Bernard Carayon, maire de Lavaur, ancien député du Tarn, spécialiste des questions de guerre économique et de renseignements, et Damien Bancal, journaliste spécialiste des questions de lutte contre le cybercrime, blogueur sur le site Zataz.com, étaient les invités du débat du jour le 21 juillet sur Sud Radio, avec Philippe David et Judith Beller.

MAcron
Une bonne partie de la classe politique française, mais aussi des journalistes, écoutés via le logiciel Pegasus. (Ludovic MA / AFP)

"L’espionnage électronique n’est plus l’apanage des grandes puissances"

Pas moins de 14 ministres, le président de la République, de nombreux membres de la classe politique, mais aussi des journalistes tels qu’Éric Zemmour ou Edwy Plenel ont vu leur smartphone mis sur écoute via le logiciel d’une société israélienne, Pegasus. Le Maroc, un pays pourtant ami, revient régulièrement parmi les pays ayant effectué ces écoutes. "Ce n’est pas une histoire nouvelle. L’espionnage est l’un des métiers les plus anciens dans le monde, rappelle Bernard Carayon, maire de Lavaur et spécialiste des questions de guerre économique et de renseignements. En général, quand on parle d’espionnage, électronique ou humain, on accuse ceux qui en parlent d’être des paranoïaques. La réalité dépasse souvent la fiction. Ce qui est un peu humiliant, c’est qu’on avait l’habitude d’espionner l’Afrique, maintenant c’est l’Afrique qui nous espionne."

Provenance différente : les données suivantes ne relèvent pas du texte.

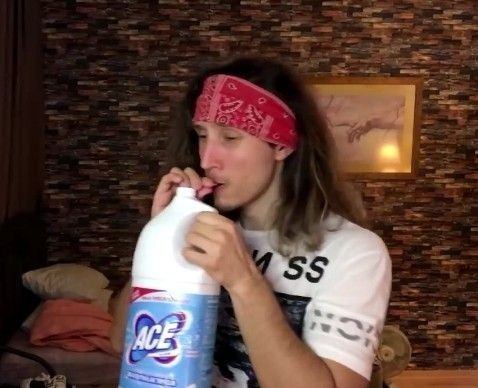 락스 빨대 먹방 한잔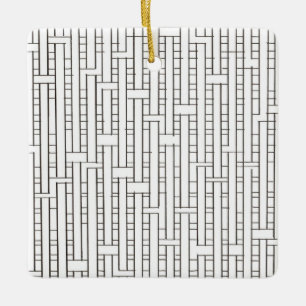 Ornamento De Cerâmica Grade Industrial-Preto E Branco Minimalista Modern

"Le président de la République, des membres du gouvernement, la classe politique française auraient été sur écoute, souligne l’ancien député du Tarn. On assiste à la fin du secret des entreprises, à la violation de l’intimité et de la vie privée des individus. Nous vivons de ce point de vue une époque particulièrement terrible. Elle est due à la démocratisation et à l’universalisation des technologies d’écoute et de renseignement. On le voit sur la liste des pays utilisant ce logiciel ; Rwanda, Togo, Azerbaïdjan. Aujourd’hui, l’espionnage électronique n’est plus l’apanage des grandes puissances."

 

50.000 numéros de téléphone possiblement espionnés par Pegasus (Omar Kamal - AFP)

"Un sérieux atout à un an des élections présidentielles"

"Ces révélations ne m’ont pas étonné, réagit Damien Bancal, journaliste spécialiste des questions de lutte contre le cybercrime, blogueur sur le site Zataz.com. Cela fait quelques années que l’on sait que cette entreprise, NSO, était très spécialisée dans l’espionnage. Après, je ne suis pas étonné par ses clients, car ce sont des outils très efficace. Mais ce n’est pas le seul outil qui permette d’espionner. Même nous, utilisateurs lambda, on peut trouver sur le Net des logiciels d’espionnage pour quelques dizaines d’euros. L’espionnage est malheureusement rentré dans les mœurs de l’informatique qui est dans notre vie, que ce soit l’ordinateur, le téléphone portable ou d’autres matériels informatiques. Là où cela devient plus inquiétant, c’est que cela touche nos hommes politiques, nos hommes d’État. Si on est un espion, on s’intéresse à un homme politique mais aussi à son environnement. Les espions ne se contentent pas de ce qui brille. Ce sera intéressant de savoir s’ils n’ont pas aussi 'environnementé' tous ceux qui travaillent autour du Président."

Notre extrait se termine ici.